Understanding the various processes, legislations and challenges involved in fire safety and security in FM. – by Shanti Petiwala
Research has suggested that both the security and fire safety industries will undergo a double digit growth over the next 5 years. In terms of fire safety, annual growth has been capped at about 12-12.5 per cent up till 2020. The fire code was also updated early in 2017 bringing about a lot of developments in the industry. It has also been estimated that the Middle East security market will hit about $4.8 billion by 2021, with, of course, UAE and Saudi Arabia comprising more than half the market. However, several developments in both these markets have left the FM community and its related stakeholders stumbling.
In order to address any discrepancies and to increase awareness of the latest trends and technologies in the market, FM Today magazine, in association with CG Technology – a provider of safety and security systems and solutions - organised a roundtable bringing together experts from the government, owners’ associations, developers and FM companies to talk about security and fire safety. The participants included, Alex Davies, Managing Director, Emrill Services; Andre Mars, HSQE Manager, Cofely Besix Facilities Management; C. Arif, Security Operations and Services Manager, Security Regulatory Agency (SERA); Ihab Assi, Country Director, Apleona HSG FM; James Barrow, Director of Business Development, Duserve FM; Kirk Watilo, Executive Director for Owner’s Association, Khidmah; Head of Operations, Concordia DMCC, Integrated Facilities Management; Michael O’Leary, Director of Community & Owners Association Management, APMD Community Management; Samer Gani, BR, SAGA International; Sanjay D’Abreo, General Manager, Pacific Owner’s Association; Sara Momtaz, Commercial & Business Development Director, QBG FM.
Jamil Francis, CG Technology, said, "The security market has been constantly undergoing changes. For good security to be implemented, it is important for service providers to involve people from the beginning – starting with informing them subtly that the area is monitored by CCTV." The current trend is that of smart devices, which increases the demand and acceptability of integrated devices. A number of manufacturers are offering integrated systems that combine BMS and security cameras to make it easier for FM companies to work. Cameras today can perform head counting and detect smoke in an instant. However, most of these systems are a huge security risk and invade privacy. IP Systems were introduced in the market about 5-6 years ago and took off well. However, they are expensive for small installations, need lots of maintenance and are extremely difficult to troubleshoot. Currently, the Chinese market is focusing on analogue systems. With the constantly updated laws, these systems are easy to replace or update, feasible and cost effective. Moreover, they do not require as much cable-work as IP systems.
Nowadays, several companies request permission to combine fire and live safety systems with CCTVs. Small developers usually have a standalone system, which is not connected to the internet. Usually, the governing agency allows that integration. However, it draws a line when it comes to any external connection because it is a huge security risk. Another trend is that of retina scanners. As it gets cheaper, facial recognition software is gaining prominence – 3D modelling of the face is also becoming very cheap now. But, it can be problematic.

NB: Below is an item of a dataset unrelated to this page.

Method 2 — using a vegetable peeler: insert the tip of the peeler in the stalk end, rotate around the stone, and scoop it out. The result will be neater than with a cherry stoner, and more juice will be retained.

Samer Gani, BR, SAGA International, said, “Yes, technology is advancing but a lot of our dependency as owners associations (OA) is on the users themselves. We face several problems with licensed security guards. Almost 70 per cent of our problems need to be solved by security law enforcement because they are unable to resolve simple issues. I feel that security guards and companies must have more power and be better trained to prevent extra costs and loss of time.”
In the UAE, everyone has legal powers that differ. The security guard has no legal power because he is not a UAE national. Such cases need to be resolved differently, one way being addressing these concerns to the security agency. Currently, agencies are working on providing security guards with an app that will enable them to instantly contact law enforcement in any circumstance. That cuts a lot of time and cost. As a result the guard also feels more in control of the situation.

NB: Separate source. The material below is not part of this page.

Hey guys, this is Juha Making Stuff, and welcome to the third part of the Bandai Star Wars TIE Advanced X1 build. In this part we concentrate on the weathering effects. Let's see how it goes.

Alex Davies, Managing Director, Emrill Services, said, “A lot of the training onus is on us as service providers. Security differs within each sector in which the security guard is being deployed. At Emrill, we do not deploy anybody without five days internal training as it depends on where they are being positioned since each situation deals with different issues depending on the facility. Yes, SERA provides core training; however, we need to go above and beyond that to be truly successful.”
To make things easier, SERA is now planning to categorise service providers on the basis of the security services provided whether high-end or low end. This will give clients a better idea of which service provider to contract for the job. Sara Momtaz, Commercial & Business Development Director, QBG FM, suggests that these service providers be rated biannually to see if they meet the standards prescribed. “All the top end FM’s and all top end security companies are going to want to embrace this and want to have this categorisation so they can prove themselves,” added James Barrow, Director of Business Development, Duserve FM.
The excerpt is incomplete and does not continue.